We talked in class today about how the characters in “This Blessed House” finding Christian things hidden around their house was like how one realizes all of these religious leftovers from one’s culture and upbringing. Nathan had mentioned how it was significant that they were Hindus in a Christian nation, without a past here, uncertain as to their identity.
It wasn’t until I started seriously considering other religious systems that I started realizing how very Protestant I was. My family isn’t Protestant; both parents were Catholic growing up, and came to strongly reject their faith before I was ever thought of. Yet so many of my assumptions about morality, reality, truth, and so forth were informed by Protestant doctrine: I thought Theravada must be the true Buddhism, since it was purportedly the original Buddha’s words; I was interested in a personal practice, unadulterated by tradition or what have you; I thought ritual was a meaningless and potentially dangerous exercise. Of course, I was deeply attracted to the practice element of Buddhism, which might go against the Protestant ethic, but even there some shadow of born-again-ism: I wanted the practice to transform me, to make me into something I wasn’t; to give me what I lacked.

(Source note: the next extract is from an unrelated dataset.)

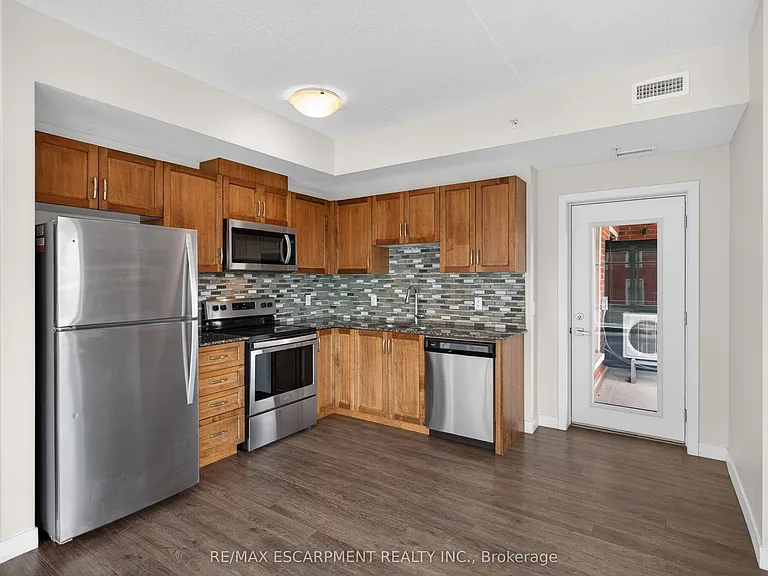 175 Commonwealth St #202 — Photo 11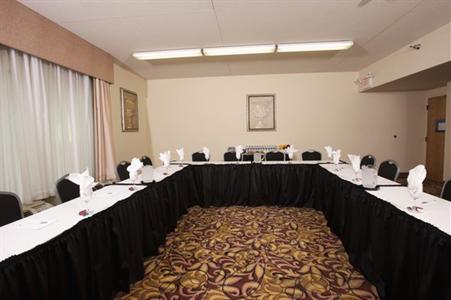 фото отеля Hampton Inn Pittsburgh Airport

What I seek from Buddhism has changed somewhat, but they were nonetheless valuable reflections. I have all of these strongly-held beliefs the source of which escaped me. It’s humbling, and at the time seemed even a little paralyzing. Why do I believe what I believe? Why is what is right right to me? Is it by the merit of the content, or because of what is near me?
And I realized something else: I had been turning to Buddhism to give me what I lacked; I was sincerely interested in the Buddhist tradition, yes, but I was equally attracted to its non-Westernness. When I saw that I was looking for the Westernness in the non-Western, it seemed a little less real. But I think it led me to look in a new way, and with a bit more of an open mind. Of course, I didn’t realize a lot of my beliefs were Protestant until I’d learned about Christianity, and in the process I gained a genuine respect for that tradition.
I'll finish this later. I hope I remember.